*Assignment*
Reproduce exactly, and solely, the lines running from the top of the data below through the line with "Property Photo: 241", both inclusive. Omit pictures.

*Record excerpts*
========
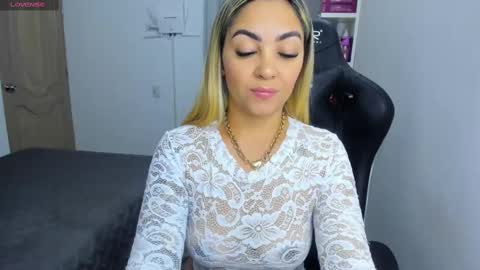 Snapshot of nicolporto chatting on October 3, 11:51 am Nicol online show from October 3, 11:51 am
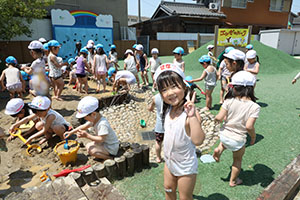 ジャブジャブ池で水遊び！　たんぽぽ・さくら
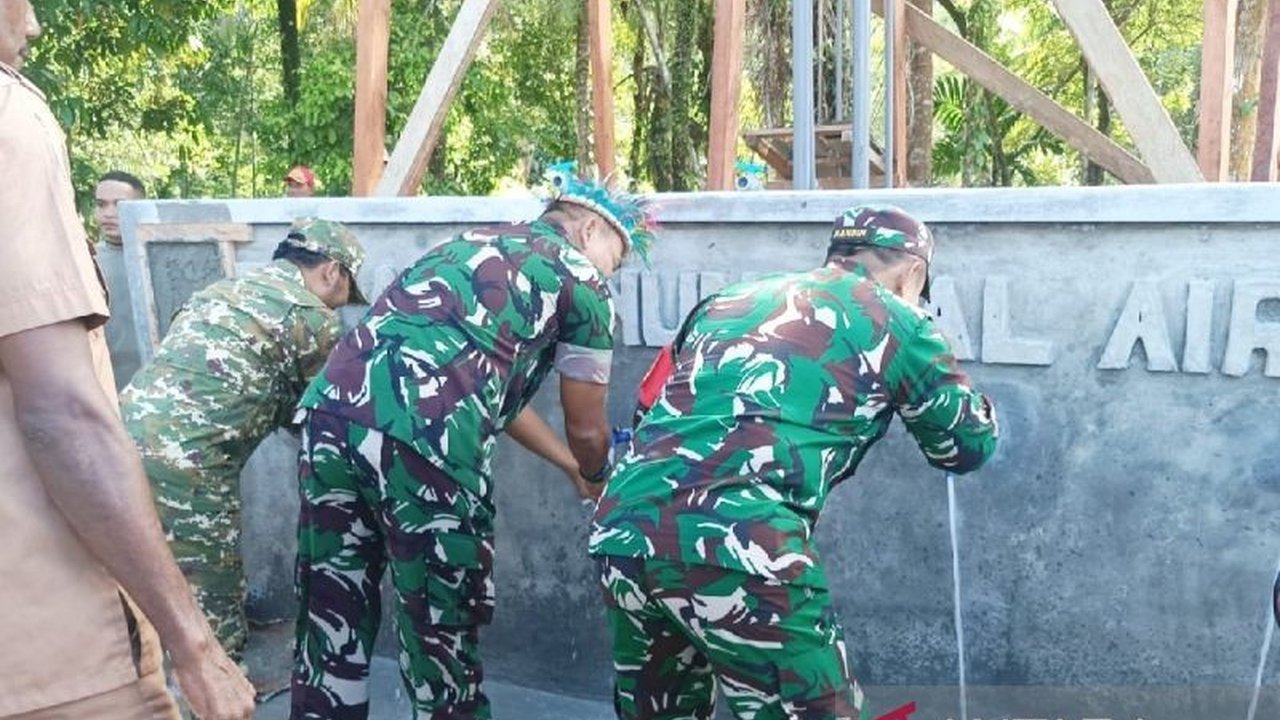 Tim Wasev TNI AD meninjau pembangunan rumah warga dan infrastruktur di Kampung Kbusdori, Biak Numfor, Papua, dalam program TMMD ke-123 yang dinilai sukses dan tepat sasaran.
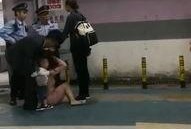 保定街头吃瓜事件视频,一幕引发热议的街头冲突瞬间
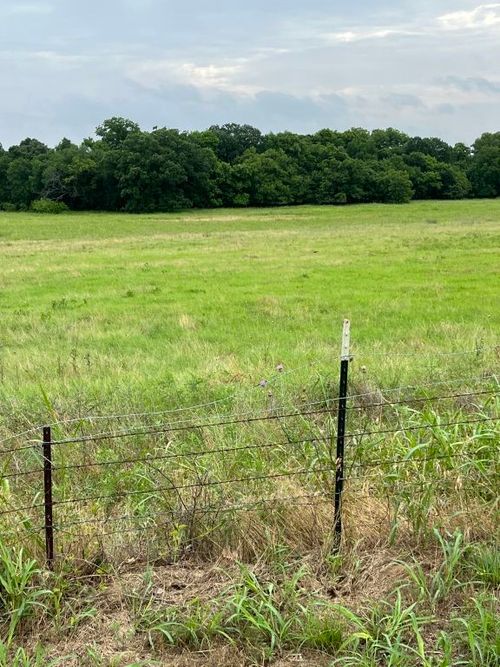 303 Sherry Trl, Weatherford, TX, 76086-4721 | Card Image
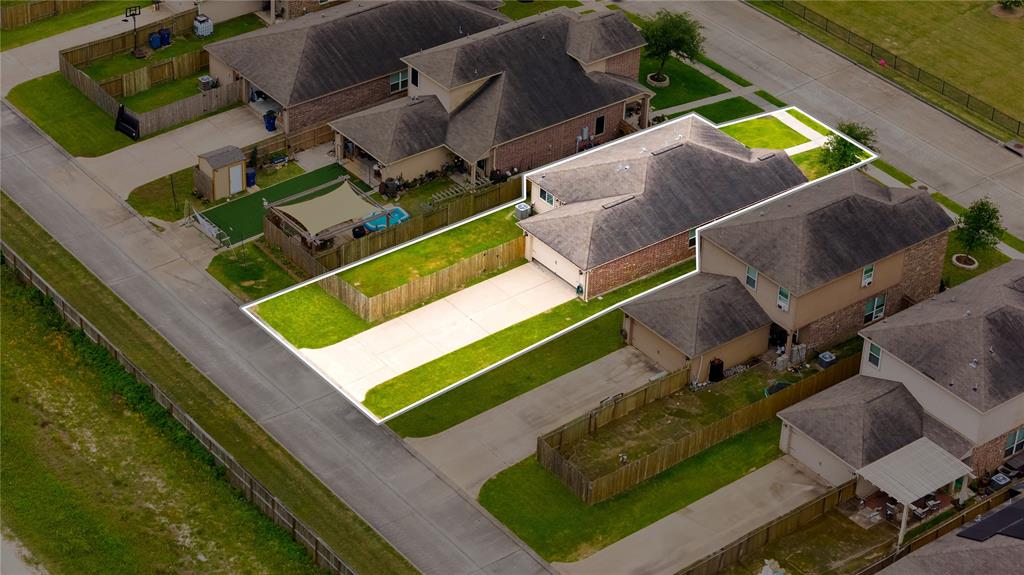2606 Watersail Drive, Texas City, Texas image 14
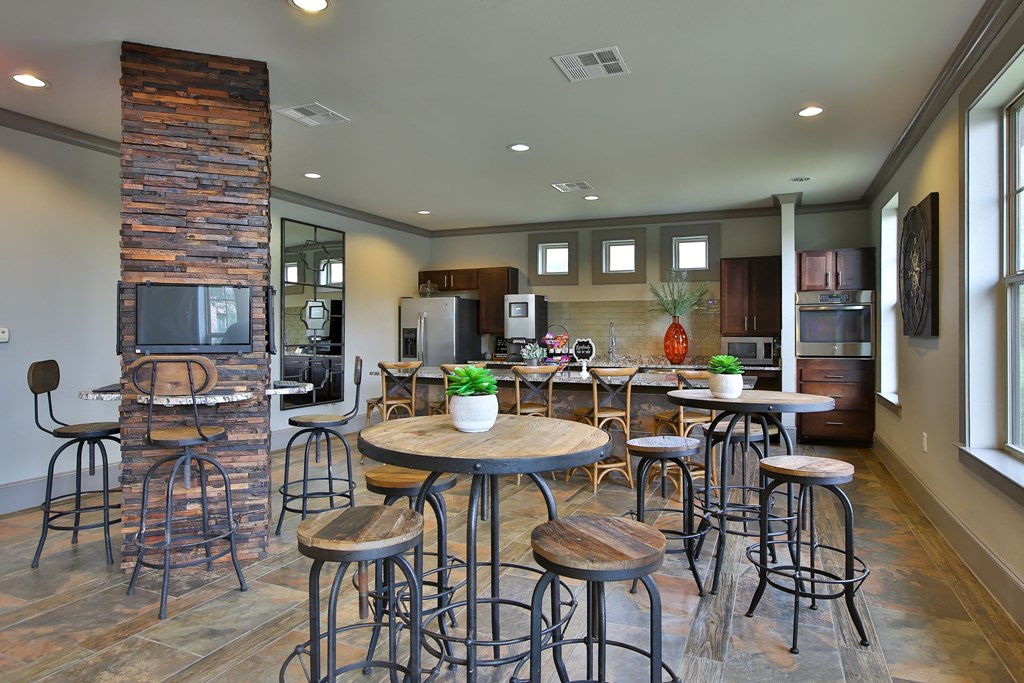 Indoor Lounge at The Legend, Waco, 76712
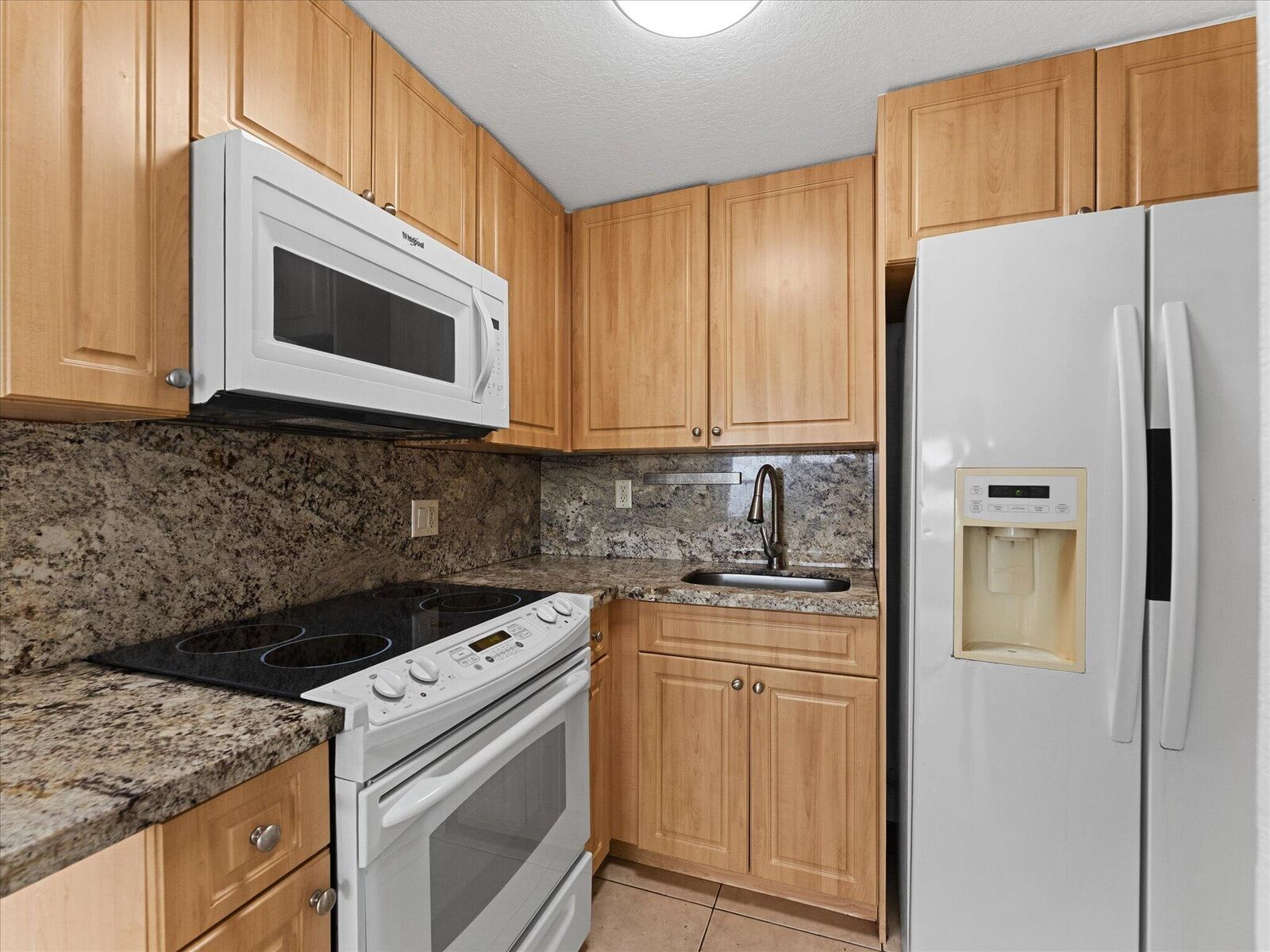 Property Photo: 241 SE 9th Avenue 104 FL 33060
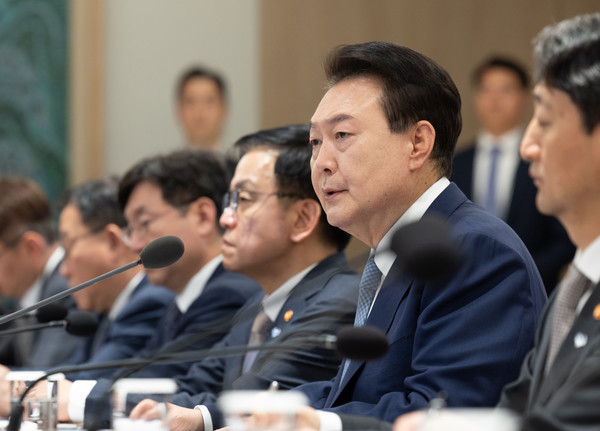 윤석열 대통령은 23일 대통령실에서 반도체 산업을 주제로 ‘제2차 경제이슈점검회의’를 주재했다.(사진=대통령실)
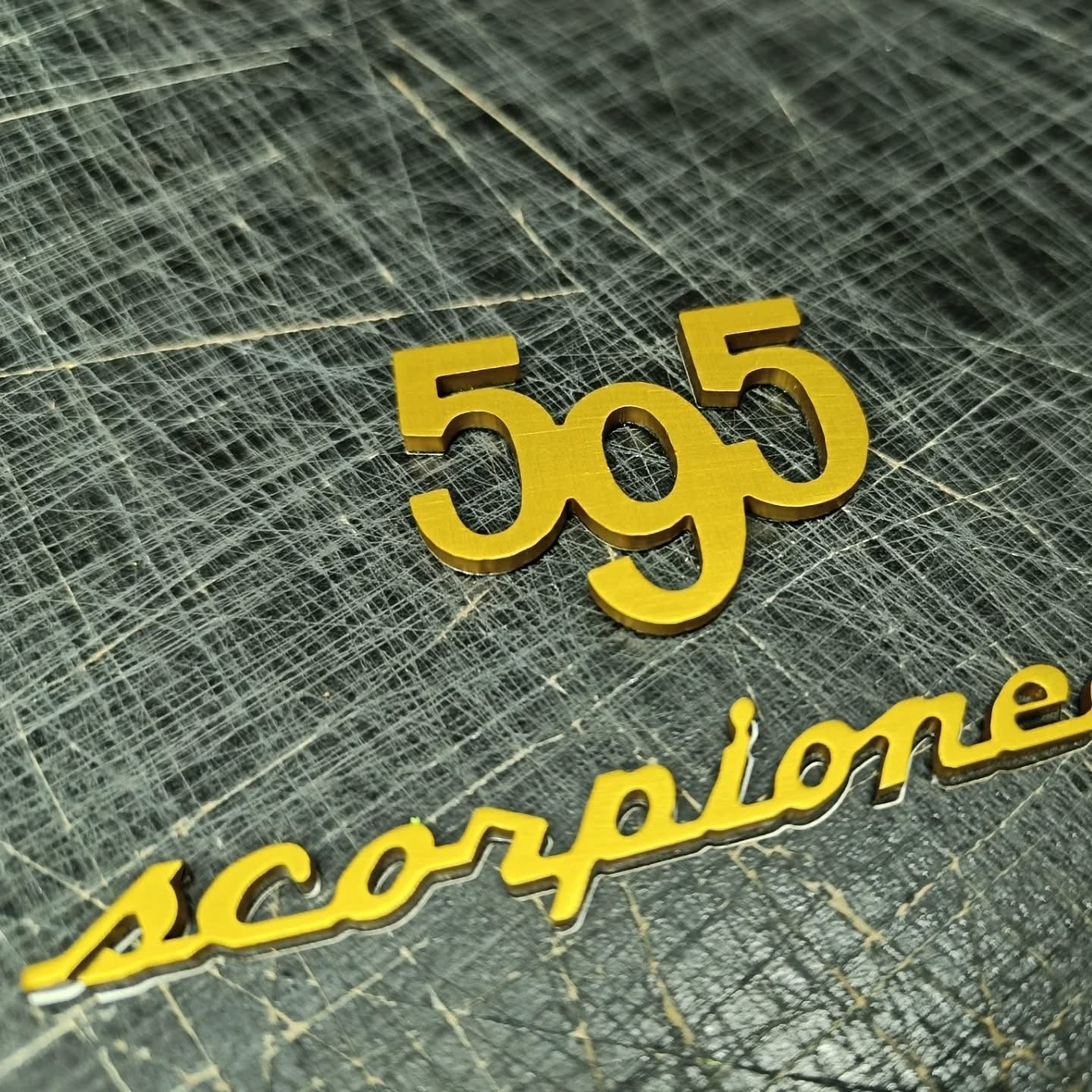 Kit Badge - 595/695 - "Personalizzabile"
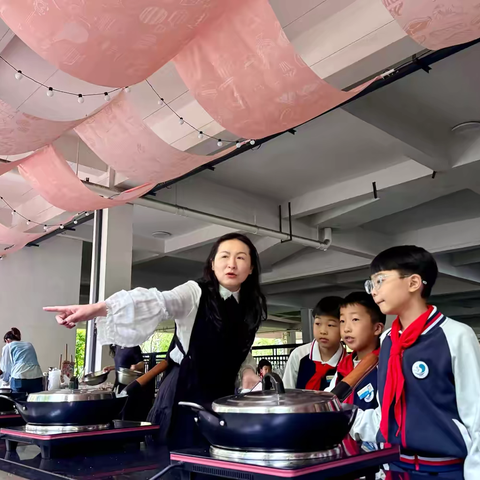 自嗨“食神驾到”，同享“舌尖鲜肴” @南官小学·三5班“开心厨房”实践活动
========
*Response*
 Snapshot of nicolporto chatting on October 3, 11:51 am Nicol online show from October 3, 11:51 am
 ジャブジャブ池で水遊び！　たんぽぽ・さくら
 Tim Wasev TNI AD meninjau pembangunan rumah warga dan infrastruktur di Kampung Kbusdori, Biak Numfor, Papua, dalam program TMMD ke-123 yang dinilai sukses dan tepat sasaran.
 保定街头吃瓜事件视频,一幕引发热议的街头冲突瞬间
 303 Sherry Trl, Weatherford, TX, 76086-4721 | Card Image
2606 Watersail Drive, Texas City, Texas image 14
 Indoor Lounge at The Legend, Waco, 76712
 Property Photo: 241 SE 9th Avenue 104 FL 33060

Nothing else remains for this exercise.